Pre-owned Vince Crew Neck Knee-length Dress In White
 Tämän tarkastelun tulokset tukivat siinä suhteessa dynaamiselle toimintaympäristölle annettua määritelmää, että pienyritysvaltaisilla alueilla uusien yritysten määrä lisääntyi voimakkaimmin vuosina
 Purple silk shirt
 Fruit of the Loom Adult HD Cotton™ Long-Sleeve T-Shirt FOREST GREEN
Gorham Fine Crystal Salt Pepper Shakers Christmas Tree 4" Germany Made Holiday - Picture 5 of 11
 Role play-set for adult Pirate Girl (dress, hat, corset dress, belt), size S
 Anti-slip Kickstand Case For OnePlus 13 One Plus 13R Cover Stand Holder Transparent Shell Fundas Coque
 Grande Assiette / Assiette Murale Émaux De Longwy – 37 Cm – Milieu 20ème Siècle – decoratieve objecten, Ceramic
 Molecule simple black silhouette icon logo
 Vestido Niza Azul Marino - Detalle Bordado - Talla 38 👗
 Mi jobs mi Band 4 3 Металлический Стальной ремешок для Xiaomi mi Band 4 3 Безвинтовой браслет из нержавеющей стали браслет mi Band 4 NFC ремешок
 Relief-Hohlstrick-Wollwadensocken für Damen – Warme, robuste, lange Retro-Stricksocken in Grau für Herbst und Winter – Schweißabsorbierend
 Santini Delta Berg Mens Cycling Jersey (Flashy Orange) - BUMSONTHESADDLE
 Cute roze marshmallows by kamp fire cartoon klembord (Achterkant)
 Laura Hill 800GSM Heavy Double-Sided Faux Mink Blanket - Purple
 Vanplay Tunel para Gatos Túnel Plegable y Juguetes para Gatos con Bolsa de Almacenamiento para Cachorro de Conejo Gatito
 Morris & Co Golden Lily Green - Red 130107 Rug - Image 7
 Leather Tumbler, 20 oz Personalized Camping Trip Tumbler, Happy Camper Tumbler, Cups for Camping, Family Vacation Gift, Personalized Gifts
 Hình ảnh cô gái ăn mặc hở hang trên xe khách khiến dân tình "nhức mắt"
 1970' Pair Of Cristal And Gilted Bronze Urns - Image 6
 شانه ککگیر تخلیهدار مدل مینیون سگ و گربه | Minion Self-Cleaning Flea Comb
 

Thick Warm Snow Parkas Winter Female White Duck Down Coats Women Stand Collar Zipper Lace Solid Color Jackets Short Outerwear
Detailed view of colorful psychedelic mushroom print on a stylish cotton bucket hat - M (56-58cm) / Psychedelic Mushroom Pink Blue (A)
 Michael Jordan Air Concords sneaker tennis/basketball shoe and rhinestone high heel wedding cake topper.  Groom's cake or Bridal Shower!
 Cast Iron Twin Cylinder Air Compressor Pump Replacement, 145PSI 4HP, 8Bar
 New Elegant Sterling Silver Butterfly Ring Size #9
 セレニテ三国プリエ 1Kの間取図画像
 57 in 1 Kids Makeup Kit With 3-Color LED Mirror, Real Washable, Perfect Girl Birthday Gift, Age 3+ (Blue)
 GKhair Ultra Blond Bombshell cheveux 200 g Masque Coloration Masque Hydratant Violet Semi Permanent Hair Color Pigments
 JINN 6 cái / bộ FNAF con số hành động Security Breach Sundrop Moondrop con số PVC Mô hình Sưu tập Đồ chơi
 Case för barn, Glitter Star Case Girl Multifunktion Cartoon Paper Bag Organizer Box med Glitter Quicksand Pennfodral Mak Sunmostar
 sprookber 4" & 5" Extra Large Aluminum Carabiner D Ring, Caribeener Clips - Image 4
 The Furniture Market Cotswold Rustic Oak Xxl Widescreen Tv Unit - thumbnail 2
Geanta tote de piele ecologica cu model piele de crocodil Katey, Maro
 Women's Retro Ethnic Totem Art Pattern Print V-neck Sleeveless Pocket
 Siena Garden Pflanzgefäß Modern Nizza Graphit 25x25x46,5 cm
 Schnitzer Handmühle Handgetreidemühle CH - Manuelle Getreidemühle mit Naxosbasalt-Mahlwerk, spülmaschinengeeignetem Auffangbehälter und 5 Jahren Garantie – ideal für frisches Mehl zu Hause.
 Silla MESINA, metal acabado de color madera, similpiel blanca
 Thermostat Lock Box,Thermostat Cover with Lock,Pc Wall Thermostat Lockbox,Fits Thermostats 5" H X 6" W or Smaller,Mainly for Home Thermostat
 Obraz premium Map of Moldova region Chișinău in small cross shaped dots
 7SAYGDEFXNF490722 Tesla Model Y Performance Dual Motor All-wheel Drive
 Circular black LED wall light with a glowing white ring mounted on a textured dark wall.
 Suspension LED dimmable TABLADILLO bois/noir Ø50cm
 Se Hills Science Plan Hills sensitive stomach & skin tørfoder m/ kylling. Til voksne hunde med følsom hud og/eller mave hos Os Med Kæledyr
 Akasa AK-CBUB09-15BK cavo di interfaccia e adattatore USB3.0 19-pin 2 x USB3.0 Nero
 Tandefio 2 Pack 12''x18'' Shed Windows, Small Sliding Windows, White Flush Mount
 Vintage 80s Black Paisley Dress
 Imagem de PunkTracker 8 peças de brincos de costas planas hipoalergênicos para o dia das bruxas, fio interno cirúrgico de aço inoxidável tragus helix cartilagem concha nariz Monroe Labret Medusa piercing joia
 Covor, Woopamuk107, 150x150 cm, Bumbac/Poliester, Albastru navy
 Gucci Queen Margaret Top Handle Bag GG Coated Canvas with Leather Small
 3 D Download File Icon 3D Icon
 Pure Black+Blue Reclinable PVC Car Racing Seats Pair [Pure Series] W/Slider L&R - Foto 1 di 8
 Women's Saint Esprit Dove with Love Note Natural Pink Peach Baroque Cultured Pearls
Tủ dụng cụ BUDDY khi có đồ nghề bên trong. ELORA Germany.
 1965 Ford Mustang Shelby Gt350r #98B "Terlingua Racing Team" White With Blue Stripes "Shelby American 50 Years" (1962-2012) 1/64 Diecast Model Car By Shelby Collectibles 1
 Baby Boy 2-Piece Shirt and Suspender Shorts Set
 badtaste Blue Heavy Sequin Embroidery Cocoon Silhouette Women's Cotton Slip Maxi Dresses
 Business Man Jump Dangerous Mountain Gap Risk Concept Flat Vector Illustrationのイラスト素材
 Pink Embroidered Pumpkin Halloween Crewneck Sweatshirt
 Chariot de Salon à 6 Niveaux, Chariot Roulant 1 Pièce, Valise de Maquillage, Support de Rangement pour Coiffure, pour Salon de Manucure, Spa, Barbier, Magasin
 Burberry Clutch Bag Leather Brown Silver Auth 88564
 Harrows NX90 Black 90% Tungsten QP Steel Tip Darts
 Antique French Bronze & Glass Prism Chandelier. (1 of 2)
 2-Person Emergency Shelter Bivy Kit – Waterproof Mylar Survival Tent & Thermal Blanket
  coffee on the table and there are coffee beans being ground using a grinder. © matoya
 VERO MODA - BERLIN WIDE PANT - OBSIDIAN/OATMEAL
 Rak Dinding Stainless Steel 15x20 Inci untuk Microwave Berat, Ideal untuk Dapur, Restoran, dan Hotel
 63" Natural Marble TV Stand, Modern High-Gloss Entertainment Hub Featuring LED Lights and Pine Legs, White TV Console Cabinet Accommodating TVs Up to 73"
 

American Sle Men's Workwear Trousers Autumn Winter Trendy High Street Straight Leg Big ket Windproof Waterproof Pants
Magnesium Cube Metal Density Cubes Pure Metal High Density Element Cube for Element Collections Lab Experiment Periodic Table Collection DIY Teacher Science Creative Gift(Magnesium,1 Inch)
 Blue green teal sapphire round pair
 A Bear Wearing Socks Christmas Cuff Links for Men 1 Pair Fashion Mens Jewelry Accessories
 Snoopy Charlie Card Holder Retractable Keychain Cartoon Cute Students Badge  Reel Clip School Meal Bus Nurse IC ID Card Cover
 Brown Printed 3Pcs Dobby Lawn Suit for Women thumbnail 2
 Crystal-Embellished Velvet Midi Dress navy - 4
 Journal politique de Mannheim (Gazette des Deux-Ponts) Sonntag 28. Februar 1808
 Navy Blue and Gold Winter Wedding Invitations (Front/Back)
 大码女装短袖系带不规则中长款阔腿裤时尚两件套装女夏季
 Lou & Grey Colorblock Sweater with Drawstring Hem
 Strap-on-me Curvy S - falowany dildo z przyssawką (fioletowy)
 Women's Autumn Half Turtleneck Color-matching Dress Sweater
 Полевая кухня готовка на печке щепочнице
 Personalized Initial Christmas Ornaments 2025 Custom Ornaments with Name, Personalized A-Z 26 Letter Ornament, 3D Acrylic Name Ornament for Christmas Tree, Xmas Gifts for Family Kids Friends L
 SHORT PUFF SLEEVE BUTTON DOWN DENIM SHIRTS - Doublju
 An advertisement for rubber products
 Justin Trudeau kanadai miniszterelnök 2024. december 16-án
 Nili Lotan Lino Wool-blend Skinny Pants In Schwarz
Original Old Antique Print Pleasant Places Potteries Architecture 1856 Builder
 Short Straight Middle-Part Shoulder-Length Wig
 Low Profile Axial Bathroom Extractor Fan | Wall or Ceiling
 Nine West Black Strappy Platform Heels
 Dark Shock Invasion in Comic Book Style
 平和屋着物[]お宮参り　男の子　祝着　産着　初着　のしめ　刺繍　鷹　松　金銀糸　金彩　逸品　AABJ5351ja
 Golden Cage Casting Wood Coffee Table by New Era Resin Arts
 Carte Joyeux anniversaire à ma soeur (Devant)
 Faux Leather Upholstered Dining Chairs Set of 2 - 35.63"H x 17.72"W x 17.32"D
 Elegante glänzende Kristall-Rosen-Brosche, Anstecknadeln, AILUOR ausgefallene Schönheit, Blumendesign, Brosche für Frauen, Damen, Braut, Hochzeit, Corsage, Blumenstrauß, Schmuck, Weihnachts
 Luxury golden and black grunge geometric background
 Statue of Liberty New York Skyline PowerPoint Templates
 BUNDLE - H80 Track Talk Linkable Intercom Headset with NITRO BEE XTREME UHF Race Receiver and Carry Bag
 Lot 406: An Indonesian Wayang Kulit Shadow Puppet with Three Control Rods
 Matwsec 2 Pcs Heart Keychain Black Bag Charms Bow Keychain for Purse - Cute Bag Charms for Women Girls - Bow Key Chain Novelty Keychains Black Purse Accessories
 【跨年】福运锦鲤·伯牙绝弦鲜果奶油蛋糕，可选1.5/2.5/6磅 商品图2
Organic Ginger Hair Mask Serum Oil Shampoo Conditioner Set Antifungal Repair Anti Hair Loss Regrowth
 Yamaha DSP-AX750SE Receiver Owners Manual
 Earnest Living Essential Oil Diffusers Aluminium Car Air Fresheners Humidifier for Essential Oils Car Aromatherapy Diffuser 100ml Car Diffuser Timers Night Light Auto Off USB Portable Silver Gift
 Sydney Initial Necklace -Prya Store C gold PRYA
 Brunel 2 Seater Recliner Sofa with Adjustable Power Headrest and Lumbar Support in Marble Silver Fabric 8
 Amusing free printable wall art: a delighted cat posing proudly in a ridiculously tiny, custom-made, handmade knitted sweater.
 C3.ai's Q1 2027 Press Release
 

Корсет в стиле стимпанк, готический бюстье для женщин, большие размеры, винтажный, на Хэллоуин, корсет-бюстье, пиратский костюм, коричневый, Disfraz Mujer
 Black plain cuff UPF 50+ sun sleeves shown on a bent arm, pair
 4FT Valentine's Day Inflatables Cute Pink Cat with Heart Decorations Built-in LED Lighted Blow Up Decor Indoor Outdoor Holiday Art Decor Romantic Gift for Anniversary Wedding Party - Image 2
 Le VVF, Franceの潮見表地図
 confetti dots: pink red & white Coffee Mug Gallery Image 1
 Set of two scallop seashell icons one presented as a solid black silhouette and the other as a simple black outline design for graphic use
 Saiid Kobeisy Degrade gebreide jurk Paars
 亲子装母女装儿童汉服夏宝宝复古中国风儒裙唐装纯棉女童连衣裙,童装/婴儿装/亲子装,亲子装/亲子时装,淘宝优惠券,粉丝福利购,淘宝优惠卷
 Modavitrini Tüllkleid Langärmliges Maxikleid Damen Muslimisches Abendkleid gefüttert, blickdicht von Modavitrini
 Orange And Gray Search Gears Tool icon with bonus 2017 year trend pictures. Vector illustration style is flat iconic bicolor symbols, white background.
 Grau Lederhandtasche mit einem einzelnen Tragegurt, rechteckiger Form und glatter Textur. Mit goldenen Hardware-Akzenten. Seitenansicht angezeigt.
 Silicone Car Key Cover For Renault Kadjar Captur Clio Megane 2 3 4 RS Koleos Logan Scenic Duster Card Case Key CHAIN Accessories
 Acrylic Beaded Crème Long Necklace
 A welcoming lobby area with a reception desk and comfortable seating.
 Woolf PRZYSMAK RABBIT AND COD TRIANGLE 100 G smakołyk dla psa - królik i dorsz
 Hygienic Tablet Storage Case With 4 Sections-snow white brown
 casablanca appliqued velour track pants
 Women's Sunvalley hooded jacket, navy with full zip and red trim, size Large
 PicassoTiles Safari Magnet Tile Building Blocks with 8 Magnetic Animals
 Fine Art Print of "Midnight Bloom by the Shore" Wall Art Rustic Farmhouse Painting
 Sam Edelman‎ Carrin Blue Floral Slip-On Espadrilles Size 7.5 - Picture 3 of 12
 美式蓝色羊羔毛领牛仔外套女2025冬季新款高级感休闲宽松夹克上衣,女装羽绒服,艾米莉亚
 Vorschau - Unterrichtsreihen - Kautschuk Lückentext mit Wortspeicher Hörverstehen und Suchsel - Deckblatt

▬▬▬▬▬▬▬▬▬▬

- [Aim of the exercise]:
Each line of the data above that contains the word "Cute" counts once; report the total and add nothing.

- [Your response]:
4